RECORDS SHOWN>

•••

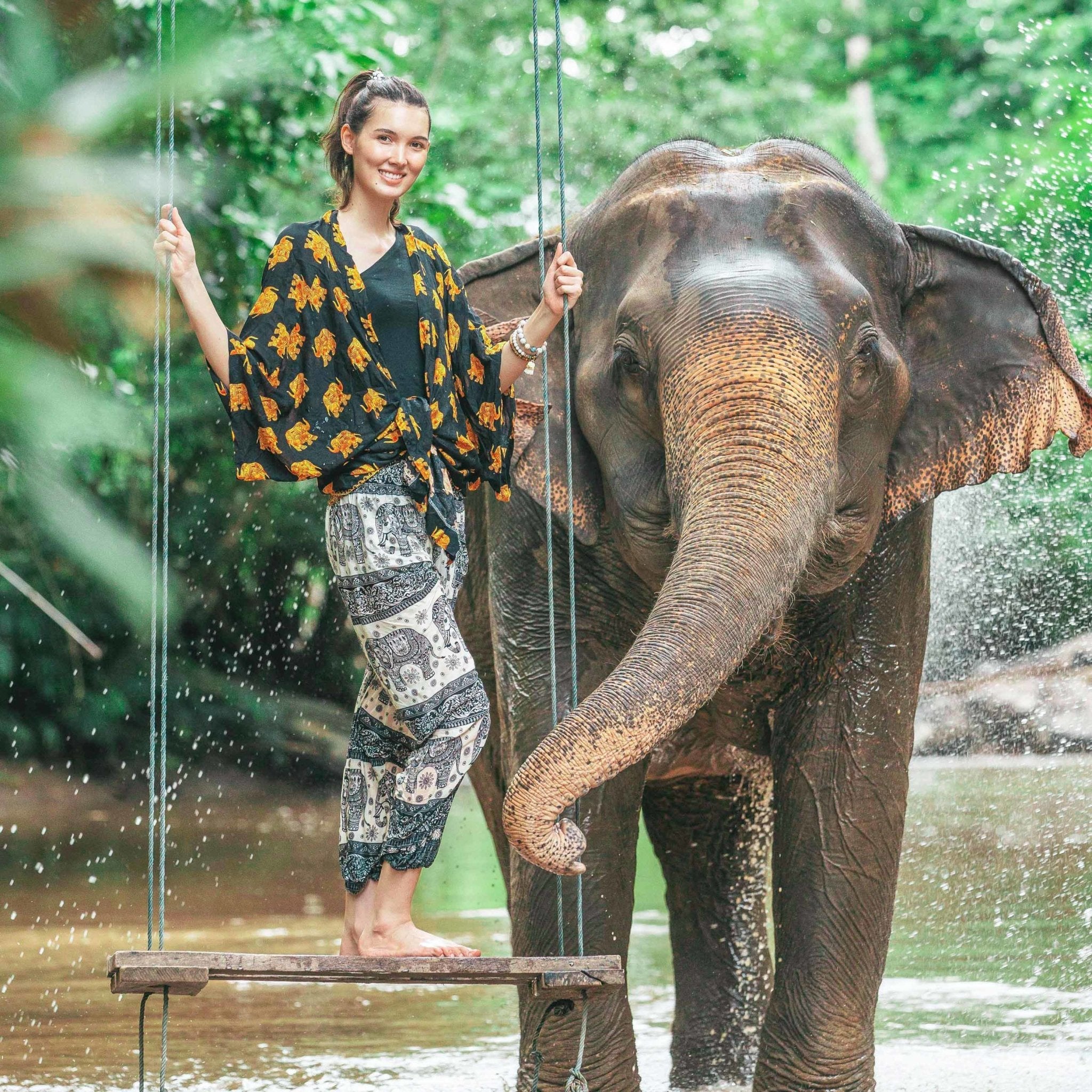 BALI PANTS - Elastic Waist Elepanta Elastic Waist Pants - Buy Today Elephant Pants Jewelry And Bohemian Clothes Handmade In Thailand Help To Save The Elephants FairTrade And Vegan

•••

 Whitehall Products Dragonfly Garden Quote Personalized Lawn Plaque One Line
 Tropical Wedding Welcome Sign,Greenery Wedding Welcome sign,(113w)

•••

ABOUT THIS EXERCISE>
Within the data above, the span starting at the line containing "Whitehall Products Dragonfly" and ending at the line containing "Tropical Wedding Welcome" is to be retyped exactly, with no other lines.

SOLVED EXERCISE>
 Whitehall Products Dragonfly Garden Quote Personalized Lawn Plaque One Line
 Tropical Wedding Welcome Sign,Greenery Wedding Welcome sign,(113w)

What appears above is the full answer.